Fulton County Board of Supervisors Chairman Michael F. Gendron would not identify his colleagues who want to be part of the Fulton County Center for Regional Growth.
The CRG was created in March to serve as a parent corporation for the formerly separate Fulton County Economic Development Corp. and the Crossroads Incubator Corp. The EDC and CIC say they are private economic development agencies not subject to state scrutiny. A state watchdog agency has disagreed with this.
The EDC and CIC never accepted political appointments to their boards, even though the county Board of Supervisors had provided $75,000 to the EDC for years.
Following revelations in 2010 by The Daily Gazette that Jeff Bray and Peter Sciocchetti, then the executive vice presidents of the EDC and CIC, respectively, awarded themselves about $1 million each between 2007-09 under questionable circumstances, the county reduced its EDC contribution to $15,000 in 2011. The board raised the amount to $25,000 for 2012; the CRG asked for $75,000 for 2013.
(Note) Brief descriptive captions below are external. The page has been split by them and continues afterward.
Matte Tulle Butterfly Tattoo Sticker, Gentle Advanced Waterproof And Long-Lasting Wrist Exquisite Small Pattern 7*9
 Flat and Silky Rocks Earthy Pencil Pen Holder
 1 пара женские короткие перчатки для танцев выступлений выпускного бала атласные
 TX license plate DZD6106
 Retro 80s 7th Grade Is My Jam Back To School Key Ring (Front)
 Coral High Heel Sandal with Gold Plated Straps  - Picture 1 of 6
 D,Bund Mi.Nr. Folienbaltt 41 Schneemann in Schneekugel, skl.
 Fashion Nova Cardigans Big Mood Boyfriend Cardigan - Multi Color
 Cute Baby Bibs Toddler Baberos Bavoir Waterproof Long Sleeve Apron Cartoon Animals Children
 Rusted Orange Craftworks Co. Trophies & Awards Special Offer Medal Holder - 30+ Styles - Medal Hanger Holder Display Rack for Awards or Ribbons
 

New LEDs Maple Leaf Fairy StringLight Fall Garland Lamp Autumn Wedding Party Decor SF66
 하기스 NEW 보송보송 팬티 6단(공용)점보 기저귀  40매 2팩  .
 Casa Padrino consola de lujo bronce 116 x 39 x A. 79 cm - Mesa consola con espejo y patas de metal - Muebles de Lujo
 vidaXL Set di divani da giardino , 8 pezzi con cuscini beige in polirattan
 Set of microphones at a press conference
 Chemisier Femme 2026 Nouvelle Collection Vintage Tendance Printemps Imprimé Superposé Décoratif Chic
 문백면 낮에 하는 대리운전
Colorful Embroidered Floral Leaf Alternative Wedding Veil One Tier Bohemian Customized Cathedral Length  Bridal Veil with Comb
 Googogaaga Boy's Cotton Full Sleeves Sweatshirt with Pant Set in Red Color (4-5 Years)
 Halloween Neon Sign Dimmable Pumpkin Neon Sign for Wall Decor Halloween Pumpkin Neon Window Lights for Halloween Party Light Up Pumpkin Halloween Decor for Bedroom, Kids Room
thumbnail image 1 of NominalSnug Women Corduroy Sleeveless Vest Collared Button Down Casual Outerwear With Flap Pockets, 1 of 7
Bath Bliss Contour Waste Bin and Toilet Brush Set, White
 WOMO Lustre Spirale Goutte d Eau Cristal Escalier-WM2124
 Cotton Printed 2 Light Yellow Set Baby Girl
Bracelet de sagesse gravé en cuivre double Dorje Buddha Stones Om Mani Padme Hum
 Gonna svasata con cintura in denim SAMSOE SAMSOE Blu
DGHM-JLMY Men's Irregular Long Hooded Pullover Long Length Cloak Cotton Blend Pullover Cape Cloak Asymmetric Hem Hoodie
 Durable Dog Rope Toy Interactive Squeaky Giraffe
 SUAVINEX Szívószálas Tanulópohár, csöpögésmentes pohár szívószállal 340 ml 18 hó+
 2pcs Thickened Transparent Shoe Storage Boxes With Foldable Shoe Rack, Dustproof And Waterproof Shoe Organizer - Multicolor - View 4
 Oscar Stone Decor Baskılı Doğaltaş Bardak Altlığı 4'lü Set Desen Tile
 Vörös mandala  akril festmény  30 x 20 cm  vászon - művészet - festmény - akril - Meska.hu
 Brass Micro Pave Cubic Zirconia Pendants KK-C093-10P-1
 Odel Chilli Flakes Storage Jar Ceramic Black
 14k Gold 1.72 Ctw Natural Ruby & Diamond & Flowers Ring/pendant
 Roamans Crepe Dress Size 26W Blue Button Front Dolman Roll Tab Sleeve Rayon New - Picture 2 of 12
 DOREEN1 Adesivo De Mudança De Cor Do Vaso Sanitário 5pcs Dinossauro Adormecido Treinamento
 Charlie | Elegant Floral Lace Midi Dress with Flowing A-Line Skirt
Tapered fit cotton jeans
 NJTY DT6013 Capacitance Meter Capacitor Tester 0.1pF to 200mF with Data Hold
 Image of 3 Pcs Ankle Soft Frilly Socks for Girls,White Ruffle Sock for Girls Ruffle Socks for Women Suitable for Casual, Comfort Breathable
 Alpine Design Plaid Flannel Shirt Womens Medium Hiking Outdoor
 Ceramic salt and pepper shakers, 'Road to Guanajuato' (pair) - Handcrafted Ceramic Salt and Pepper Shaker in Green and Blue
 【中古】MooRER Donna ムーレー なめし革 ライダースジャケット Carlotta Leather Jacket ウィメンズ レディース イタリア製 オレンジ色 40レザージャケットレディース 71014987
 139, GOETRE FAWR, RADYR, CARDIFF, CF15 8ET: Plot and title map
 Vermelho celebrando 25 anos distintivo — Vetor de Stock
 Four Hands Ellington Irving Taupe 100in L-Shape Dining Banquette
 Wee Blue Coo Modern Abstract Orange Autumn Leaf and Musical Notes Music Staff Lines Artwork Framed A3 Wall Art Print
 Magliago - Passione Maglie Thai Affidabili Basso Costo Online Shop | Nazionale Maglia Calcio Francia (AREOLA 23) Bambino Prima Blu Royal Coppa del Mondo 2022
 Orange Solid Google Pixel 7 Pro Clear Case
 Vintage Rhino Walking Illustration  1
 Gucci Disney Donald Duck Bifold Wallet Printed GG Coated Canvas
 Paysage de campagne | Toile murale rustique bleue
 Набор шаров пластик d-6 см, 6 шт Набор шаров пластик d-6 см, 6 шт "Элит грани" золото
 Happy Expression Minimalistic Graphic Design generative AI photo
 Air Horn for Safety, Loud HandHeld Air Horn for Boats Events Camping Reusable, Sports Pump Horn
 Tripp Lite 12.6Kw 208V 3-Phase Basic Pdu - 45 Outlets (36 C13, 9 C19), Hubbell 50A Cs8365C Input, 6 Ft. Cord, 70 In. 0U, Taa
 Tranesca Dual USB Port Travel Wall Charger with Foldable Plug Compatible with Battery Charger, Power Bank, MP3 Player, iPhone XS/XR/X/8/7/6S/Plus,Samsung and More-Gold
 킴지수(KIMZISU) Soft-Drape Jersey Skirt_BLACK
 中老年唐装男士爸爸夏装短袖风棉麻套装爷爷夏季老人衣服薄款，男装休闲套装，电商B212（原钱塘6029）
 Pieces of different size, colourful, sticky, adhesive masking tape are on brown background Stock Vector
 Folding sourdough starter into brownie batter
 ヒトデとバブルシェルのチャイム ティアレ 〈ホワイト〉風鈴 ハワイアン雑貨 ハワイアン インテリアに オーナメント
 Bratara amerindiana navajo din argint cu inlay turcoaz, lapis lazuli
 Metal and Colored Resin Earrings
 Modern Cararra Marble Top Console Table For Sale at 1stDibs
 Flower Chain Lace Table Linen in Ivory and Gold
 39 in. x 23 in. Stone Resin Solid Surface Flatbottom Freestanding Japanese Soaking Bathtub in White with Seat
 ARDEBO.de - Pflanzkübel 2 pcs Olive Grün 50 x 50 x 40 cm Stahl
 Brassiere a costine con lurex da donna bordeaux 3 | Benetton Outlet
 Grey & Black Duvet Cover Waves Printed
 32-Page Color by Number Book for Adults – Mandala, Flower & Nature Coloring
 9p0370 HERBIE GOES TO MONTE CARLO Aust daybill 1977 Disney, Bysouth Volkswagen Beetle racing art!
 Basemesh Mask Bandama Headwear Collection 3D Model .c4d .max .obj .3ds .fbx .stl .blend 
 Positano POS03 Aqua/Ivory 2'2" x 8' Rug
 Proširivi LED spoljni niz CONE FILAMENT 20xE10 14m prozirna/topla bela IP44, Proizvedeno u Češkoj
In agreeing to give the CRG $75,000 under a one-year contract starting today, the county obtained the right to appoint three supervisors to the nine-member CRG board. The appointed supervisors would serve defined terms with the CRG. Gendron was unclear as to the specific term lengths.
Gendron said the supervisor appointments will make the CRG more transparent and more accountable to county taxpayers. “It is an important change that will bring the transparency needed by Fulton County,” he said.
It also gives the supervisors more control over the direction of economic development in Fulton County.
The county is also requiring the CRG to file annual audited statements and an annual report, and requiring that the CRG develop and implement a business development marketing plan for 2013.
Gendron said the appointments will happen relatively soon, perhaps at the county board’s reorganizational meeting Wednesday.
The county’s agreement with CRG will help provide some financial stability to the economic development agency as it attempts to settle legal and financial issues sparked by the two former executives who once headed the EDC and CIC, officials said. The CRG has sued Bray and Sciocchetti to recover the bonuses, as well as a CPA firm that audited the EDC’s and CIC’s books. A State Supreme Court judge recently threw out the CRG’s lawsuit against the accounting firm, saying it contained errors. The CRG plans to refile the lawsuit, officials said.
The EDC has limited operating capital remaining for its staff and the CIC is in debt over mortgage payments related to its large real estate holdings, which it is trying to sell. CRG officials said the loss of rental income and actions by Bray and Sciocchetti are partly responsible for the current financial conditions of EDC and CIC.
CRG and county officials said they plan to dissolve both the EDC and CIC as corporate entities, leaving just the CRG to handle an existing revolving loan fund, develop a marketing plan with goals and objectives, apply for grants for operations, recruit businesses and market shovel-ready sites in existing or future business parks in the county.